PC: What are some of the shows you’ve curated?
DK: Hard to remember them all, but two stand out in memory. In the seventies I curated an exhibtion called “Art of Conscience,” which toured five venues in Ohio. It dealt with contemporary political art in a wide range of styles. Last year I curated an exhibition called “New Old Masters” for the National Museum of Gdansk in Poland. It was an overview of the varieties of what I called New Old Master art in my book The End of Art. Both exhibitions were controversial, that is, they went against the status quo of accepted art values, and both received a lot of press and drew big crowds. In both cases the public seemed to enjoy the exhibitions more than the establishment critics, that is, those who endorse the status quo of avant-garde art, which has become establishment art. Both exhibitions went against the grain of the reigning avant-garde tyranny.
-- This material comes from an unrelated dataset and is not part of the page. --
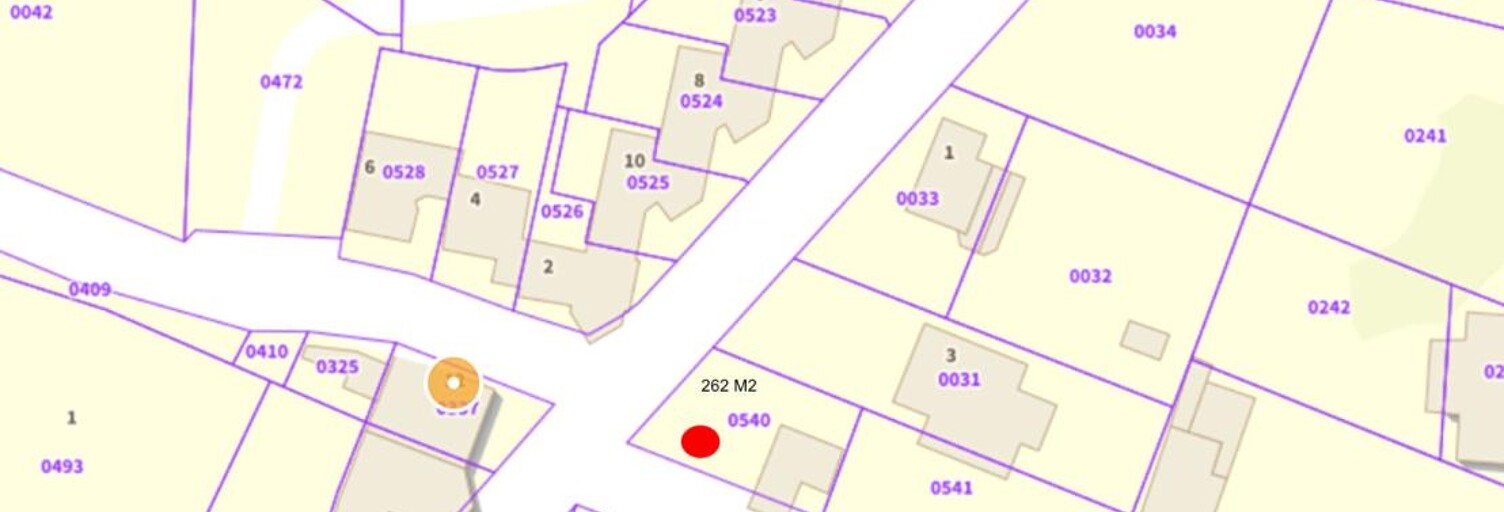 Terrain  262 m² à vendre à Sainte-Marie (35600)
PC: How is curating a show related to making decisions on whose art and what art works to include in an article? Are the differences practical and economic? Political? What sort of pressure (if any) are you under to include works/artists in shows and how do you withstand/deflect it?
DK: I’m used to pressure, so it doesn’t bother me. Every work of every exhibition I ever curated was chosen by me. The only serious pressure comes from not being able to get exactly the works one wants, which happens often enough, for reasons that have nothing to do with art. I have been viciously attacked for many of my choices, but that’s the problem of the attacker not mine. Articles are usually written to make a particular point about a particular artist, exhibitions are more broadly based, and try to make a general point. Whether they succeed in doing so is another question.
PC: Your poetry is probably somewhat less well-known than your art criticism. I’d like to spend the rest of this interview asking you about that aspect of your creative life.
How long have you been writing poetry?
DK: .I’ve been writing poems since I was an adolescent. My first book, published in Germany where I lived for several years, was called “Dirge for a Toy Centurion,” which suggests my mentality at the time. It still doesn’t embarrass me, although it probably should, but then one can’t repudiate any stage in one’s development, particularly since the so-called creative process is more important than any particular poem.